* DATA SHOWN *

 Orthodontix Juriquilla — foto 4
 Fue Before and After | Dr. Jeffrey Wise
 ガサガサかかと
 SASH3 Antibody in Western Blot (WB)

---

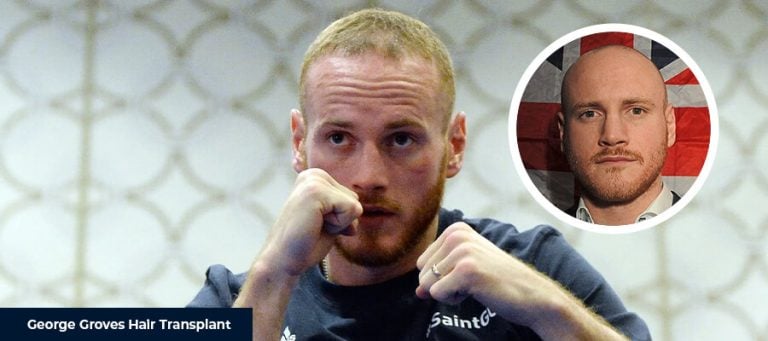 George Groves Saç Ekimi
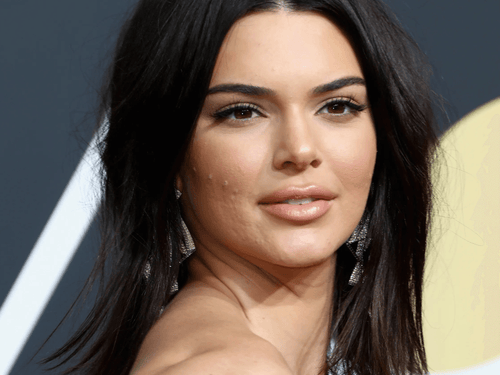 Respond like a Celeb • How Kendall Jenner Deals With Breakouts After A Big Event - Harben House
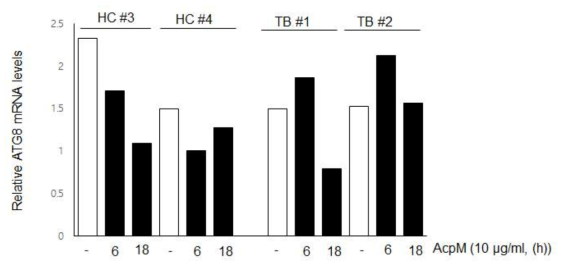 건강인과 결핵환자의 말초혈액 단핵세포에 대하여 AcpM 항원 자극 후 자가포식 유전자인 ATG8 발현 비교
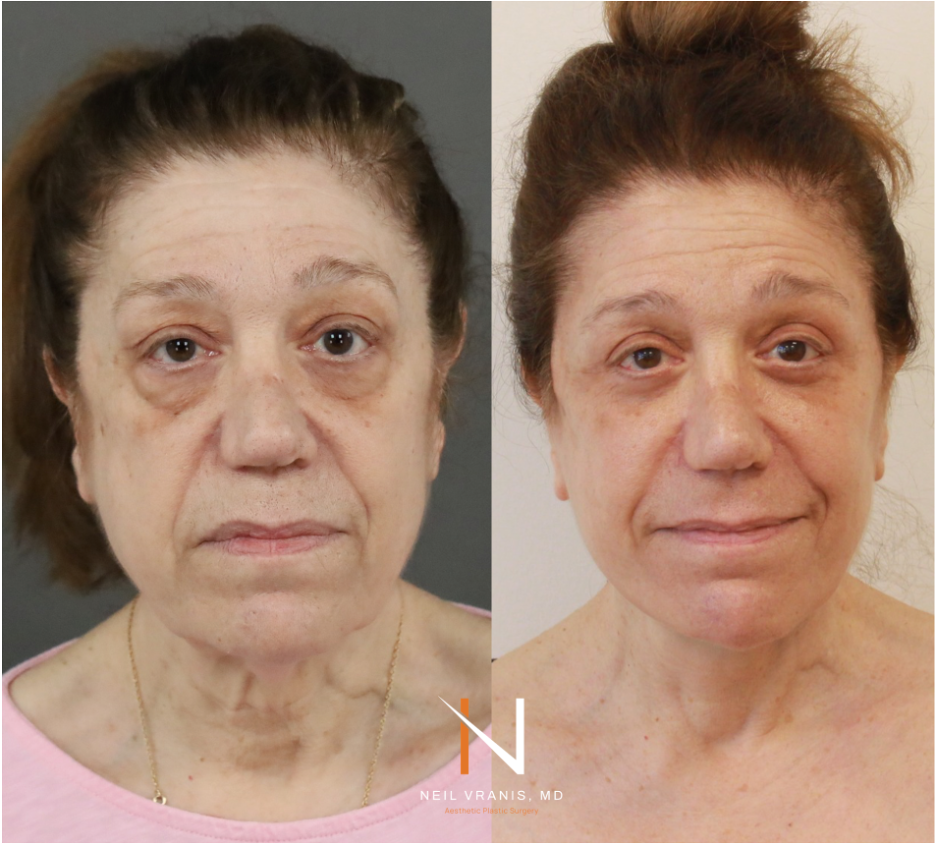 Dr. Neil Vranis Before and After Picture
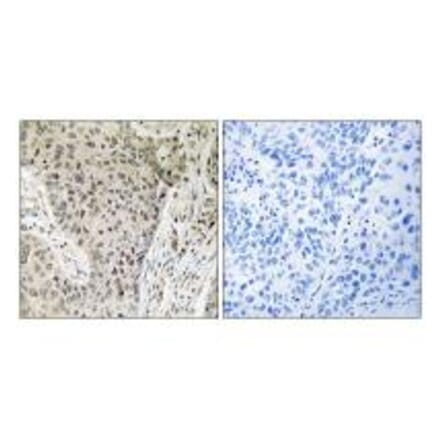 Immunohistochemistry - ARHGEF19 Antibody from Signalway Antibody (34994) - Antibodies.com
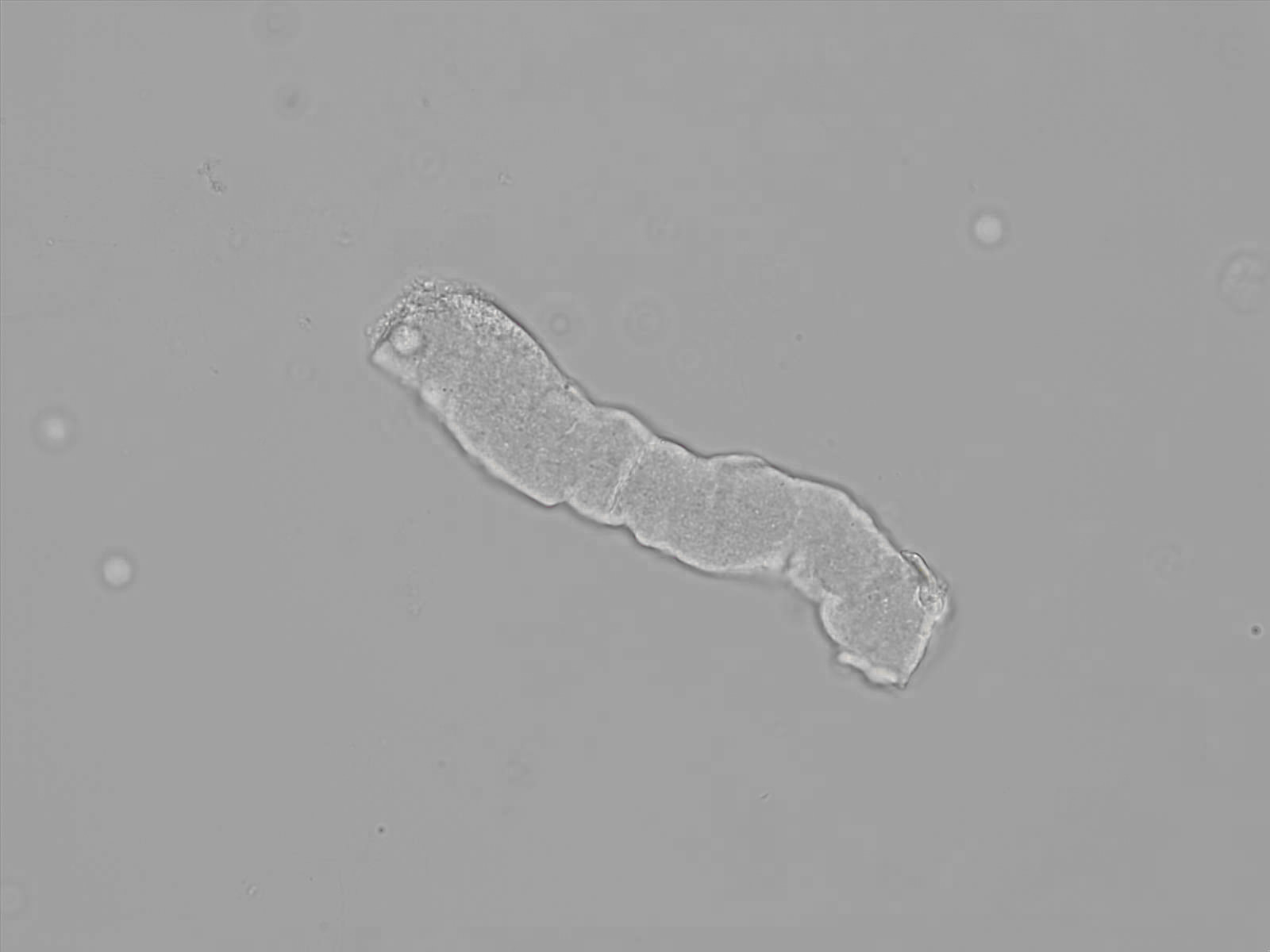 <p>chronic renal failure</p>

* WHAT YOU SHOULD DO *
Find the line with "Orthodontix Juriquilla — foto 4" in the material above. Reproduce it and each line after it up to and including the line with "SASH3 Antibody in Western Blot (WB)".

* OUTPUT OF THE EXERCISE *
 Orthodontix Juriquilla — foto 4
 Fue Before and After | Dr. Jeffrey Wise
 ガサガサかかと
 SASH3 Antibody in Western Blot (WB)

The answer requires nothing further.